Optimizing PEEK impact strength through multi-objective FDM 3D printing

Authors

  • Chinmaya Padhy Department of Mechanical Engineering, Gandhi Institute of Technology and Management, 500081, Hyderabad, India
  • Suryakumar S. Department of Mechanical and Aerospace Engineering, Indian Institute of Technology, 502284, Hyderabad, India
  • D. Bhattacharjee Department of Operations and Analytics, FLAME University, 412115, Pune, India

DOI:

https://doi.org/10.15282/jmes.17.4.2023.6.0770

Keywords:

Fused Deposition Modelling, Impact strength, Print time, High grade polymer, Composite desirability, Predictive modelling

Abstract

Thermoplastic materials such as Polylactic acid, Acrylonitrile Butadiene Styrene, Polyethylene terephthalate glycol, Nylon, and Thermoplastic polyurethane are favoured in Fused deposition modeling 3D printing due to their cost-effectiveness and versatile properties.
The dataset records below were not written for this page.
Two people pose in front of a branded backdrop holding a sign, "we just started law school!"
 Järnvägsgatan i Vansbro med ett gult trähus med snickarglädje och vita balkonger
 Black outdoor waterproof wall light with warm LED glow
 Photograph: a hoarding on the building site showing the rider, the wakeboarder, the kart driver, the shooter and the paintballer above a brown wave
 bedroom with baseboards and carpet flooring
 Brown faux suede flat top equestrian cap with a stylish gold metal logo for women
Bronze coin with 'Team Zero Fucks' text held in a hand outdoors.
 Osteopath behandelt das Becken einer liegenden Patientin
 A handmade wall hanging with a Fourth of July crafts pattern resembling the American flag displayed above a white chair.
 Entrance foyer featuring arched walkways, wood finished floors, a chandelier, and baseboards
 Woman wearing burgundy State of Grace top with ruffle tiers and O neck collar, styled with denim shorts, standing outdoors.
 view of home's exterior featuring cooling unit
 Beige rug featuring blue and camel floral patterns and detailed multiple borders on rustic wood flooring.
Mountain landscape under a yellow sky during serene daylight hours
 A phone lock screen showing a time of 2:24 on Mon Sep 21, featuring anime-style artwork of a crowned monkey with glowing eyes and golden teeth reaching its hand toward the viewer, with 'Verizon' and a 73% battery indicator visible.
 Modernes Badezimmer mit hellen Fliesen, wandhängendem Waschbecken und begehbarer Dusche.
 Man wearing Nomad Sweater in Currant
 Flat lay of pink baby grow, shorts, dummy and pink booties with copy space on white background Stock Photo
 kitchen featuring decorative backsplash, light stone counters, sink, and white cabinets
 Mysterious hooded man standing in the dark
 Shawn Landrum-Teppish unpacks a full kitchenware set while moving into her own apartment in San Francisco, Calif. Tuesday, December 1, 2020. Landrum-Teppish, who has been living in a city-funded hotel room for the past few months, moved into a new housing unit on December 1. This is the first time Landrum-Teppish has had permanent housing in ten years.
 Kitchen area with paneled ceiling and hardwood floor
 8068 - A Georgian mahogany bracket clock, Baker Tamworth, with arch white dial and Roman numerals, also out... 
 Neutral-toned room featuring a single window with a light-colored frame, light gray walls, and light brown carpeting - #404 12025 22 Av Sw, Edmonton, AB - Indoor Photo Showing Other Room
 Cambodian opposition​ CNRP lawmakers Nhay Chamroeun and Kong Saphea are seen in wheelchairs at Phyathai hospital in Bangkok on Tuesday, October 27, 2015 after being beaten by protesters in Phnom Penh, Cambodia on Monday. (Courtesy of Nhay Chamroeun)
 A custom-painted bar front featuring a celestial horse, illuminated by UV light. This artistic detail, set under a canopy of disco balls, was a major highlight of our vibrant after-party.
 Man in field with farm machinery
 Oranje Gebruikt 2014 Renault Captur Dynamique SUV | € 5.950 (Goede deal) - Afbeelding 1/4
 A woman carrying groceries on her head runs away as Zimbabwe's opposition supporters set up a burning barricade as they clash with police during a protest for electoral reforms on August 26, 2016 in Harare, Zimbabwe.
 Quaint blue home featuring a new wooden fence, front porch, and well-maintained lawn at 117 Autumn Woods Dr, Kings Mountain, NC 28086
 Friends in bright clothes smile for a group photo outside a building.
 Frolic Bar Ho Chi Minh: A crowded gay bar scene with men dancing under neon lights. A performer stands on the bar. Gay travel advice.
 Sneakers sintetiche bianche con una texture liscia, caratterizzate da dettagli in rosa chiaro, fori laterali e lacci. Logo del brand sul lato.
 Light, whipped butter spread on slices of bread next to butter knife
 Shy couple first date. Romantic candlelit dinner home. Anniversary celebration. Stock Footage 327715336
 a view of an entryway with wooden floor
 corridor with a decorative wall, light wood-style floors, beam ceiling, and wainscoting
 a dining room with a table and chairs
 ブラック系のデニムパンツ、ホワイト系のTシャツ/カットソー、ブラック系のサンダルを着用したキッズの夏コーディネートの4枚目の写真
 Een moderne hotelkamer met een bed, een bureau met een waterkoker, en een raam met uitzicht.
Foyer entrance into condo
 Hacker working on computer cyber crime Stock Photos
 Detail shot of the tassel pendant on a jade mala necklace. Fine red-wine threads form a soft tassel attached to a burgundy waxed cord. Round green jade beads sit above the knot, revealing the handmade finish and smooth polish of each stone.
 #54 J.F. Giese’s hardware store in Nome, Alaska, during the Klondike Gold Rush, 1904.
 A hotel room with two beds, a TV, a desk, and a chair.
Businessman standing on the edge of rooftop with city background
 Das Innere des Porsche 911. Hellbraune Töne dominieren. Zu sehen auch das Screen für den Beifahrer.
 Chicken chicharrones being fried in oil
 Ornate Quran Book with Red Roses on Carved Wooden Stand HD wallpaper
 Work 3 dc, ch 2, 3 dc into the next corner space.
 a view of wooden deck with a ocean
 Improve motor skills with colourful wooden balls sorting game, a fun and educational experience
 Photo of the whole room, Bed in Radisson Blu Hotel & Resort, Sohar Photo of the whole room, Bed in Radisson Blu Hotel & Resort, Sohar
However, with the introduction of high grade thermoplastic material poses compatibility challenges with existing machines and processes, impeding widespread adoption in FDM 3D printing. Incorporating new materials into 3D printing requires adjustments to hardware, software, and settings, leading to potential expenses and time investments. Maintaining quality control and consistency becomes complex as each material demands specific parameters and processing conditions. This variability hinders achieving consistent part quality in 3D printing. Moreover, achieving optimal FDM parameters for high-grade polymers (HGPs) like Polyether ether ketone (PEEK) is a challenge due to the distinctive nature of the property, requiring specialized careful considerations during its optimization process. The considerable thermal gradient and heat distribution during printing can lead to residual stresses and deformations, significantly affecting the quality and, in particular, its impact strength. This article optimizes an industry grade 3D printing PEEK based on the limited number of process parameters, namely, build orientation, in-fill density and chamber temperature. Further, the research tries to derive a predictive model for Impact Strength (IS), which is an important consideration for the 3D printed object. In this article, along with the Impact Strength, Printing Time and Material Usage are also studied to find empirical evidence of association between these output variables or response variables. The result indicates that there is a positive significant correlation or association between them. When utilizing a specific parameter setup, the resulting IS of 86.5 kJ/m², a print time of 89 minutes, and a material usage of 3.26 grams are achieved. Notably, there is a measurable reduction of 9.18% in printing time and a 11.66% decrease in material usage when the print density is set to 100% to optimize impact strength. This optimization approach proves the use of composite desirability is a better approach where multiple objectives need to be achieved. The proposed regression model predicts the impact strength with coefficient of determination value more than 50%.

References

S. Vyavahare, S. Teraiya, D. Panghal and S. Kumar, “Fused deposition modelling: A review,” Rapid Prototyping Journal, vol. 26, no. 1, pp.176-201, 2020.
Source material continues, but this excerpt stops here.